Meine Meinung: Ein Musical über Emos, die in einem Bandcontest gegen eine christliche Schulgruppe antritt? Klingt herrlisch schräg und genau nach einem Film für meine beste Freundin. Die war dann so begeistert, dass sie mich dazu zwang diesen Film mit ihr zu sehen. Ich war sehr skeptisch, zumal der Film keine deutsche Synchronisation hat. Es hat keine Woche gedauert, da musste ich den Film unbedingt meinem besten Freund zeigen, weil ich ihn absolut herrlich fand. Auch dieser war zunächst wenig begeistert von den Wörtern Emo, Musical und keine Synchronisation in einem Satz. Doch auch ihn konnte der Film absolut begeistern. Das liegt wohl vor allem daran, dass sich der Film an vielen Stellen selbst nicht so ganz ernst nimmt, an anderen dafür umso mehr. Es wird mit Vorurteilen und Klischees gespielt und diese durcheinander geworfen. Über viele Sachen kann man lachen, wenn jedoch ein Mitglied der Christengruppe aus einem Umerziehungscamp wiederkommt und sich noch immer bei jedem Gedanken an einen Jungen Elektroshocks verabreicht, dann ist das im ersten Moment zwar witzig, aber sobald der Gedanke gesackt ist, überlegt man, warum man eigentlich darüber lachen konnte. Und genau mit solchen Tabus spielt dieses Musical. Versteht mich nicht falsch, es ist an erster Stelle ein Feel-Good-Film mit vielen humorvollen Einlagen und einprägsamen Liedern. Doch im Hintergrund brodelt auch noch die richtige Botschaft.
Wer noch immer nicht überzeugt ist, den möchte ich darauf hinweisen, dass es ein Lied gibt, in dem überlegt wird, ob Jesus nicht vielleicht ein Emo gewesen wäre. Also gebt diesem Film durchaus eine Chance.

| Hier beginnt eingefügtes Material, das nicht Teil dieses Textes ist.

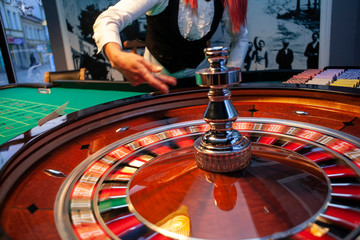 Spinning roulette wheel and croupier hand 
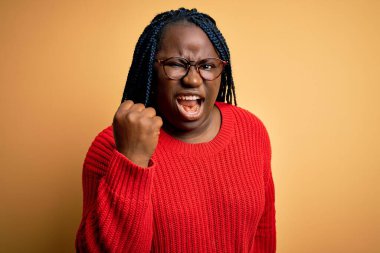 Afro-Amerikalı, örgülü, sarı arka plan üzerine normal süveter giyen kızgın, kızgın, sinirli ve öfkeliyken öfkeyle bağıran bir kadın. Öfke ve agresif kavram.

Emo – The Musical ist bei Netflix enthalten

Underwater

Die Handlung: Eine Forschungs- und Bohrstation auf dem Grund des Marianengrabens wird durch mehrere Erdbeben erschüttert und größtenteils zerstört. Nur eine kleine Gruppe Wissenschaftler überlebt und versucht über den Meeresboden zu einer anderen Sektion zu kommen, wo noch Rettungskapseln verfügbar sein sollen. Doch etwas ist durch die Erdbeben erwacht und macht nun Jagd auf die Crew.

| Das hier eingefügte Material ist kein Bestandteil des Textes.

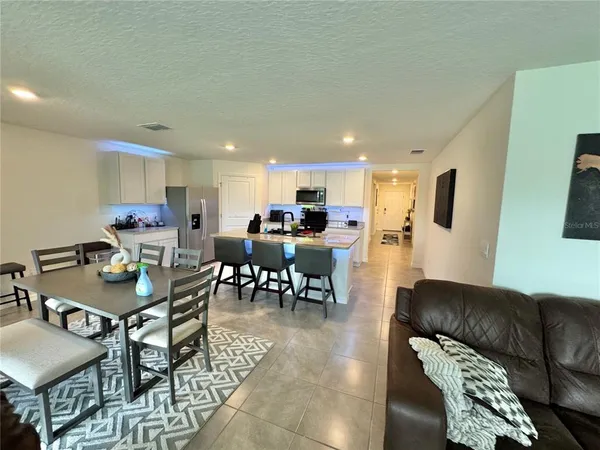 a living room with furniture and a dining table with kitchen view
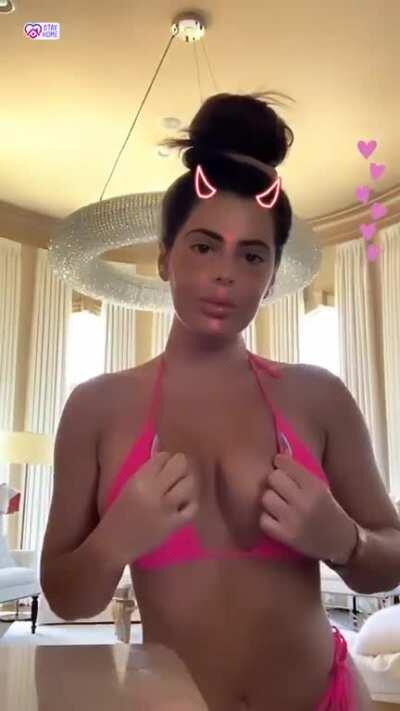 Brielle just can't resist flaunting her big tits any chance she gets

Meine Meinung: Underwater trägt den Beititel „Es ist erwacht“ und das sagt so ziemlich alles über den Film. Mit nur einer kurzen Exposition wird der Zuschauer gleich in die Katastrophe geworfen. Charaktere werden mit wenigen kurzen Sätzen charakterisiert. Der dunkle Meeresboden und die Beengung durch das umgebende Wasser geben dem Film ohne großes Zutun eine bedrückende Atmosphäre, die allein schon für eine Menge Gruselfaktor sorgt, spielt sie doch mit unseren Urängsten. Hinzu kommen dann jedoch die Unterwasserwesen, die ebenfalls durch die Erdbeben aufgerüttelt wurden. Hier spielt Regisseur William Eubank mit dem sehr wenig Sehen und doch wissen, dass da etwas sein muss. Allein diese Voraussetzung hätte aus dem Film viel machen können. Leider bedient Eubank im darauffolgenden die üblichen Klischees, so dass man mögliche Tode der Charaktere in der exakten Reihenfolge voraussagen kann. So fehlt dem Film Tiefe bei den Charakteren, die so absolut austauschbar sind und es kein Trauern um sie gibt, und ein Alleinstellungsmerkmal, abgesehen vom Setting, das sich von anderen Filmen des Genres abhebt. So ist ein grundsolider Film herausgekommen, der aber relativ schnell wieder aus dem Gedächtnis gespült wird, was schade ist, da hier deutlich mehr möglich wäre.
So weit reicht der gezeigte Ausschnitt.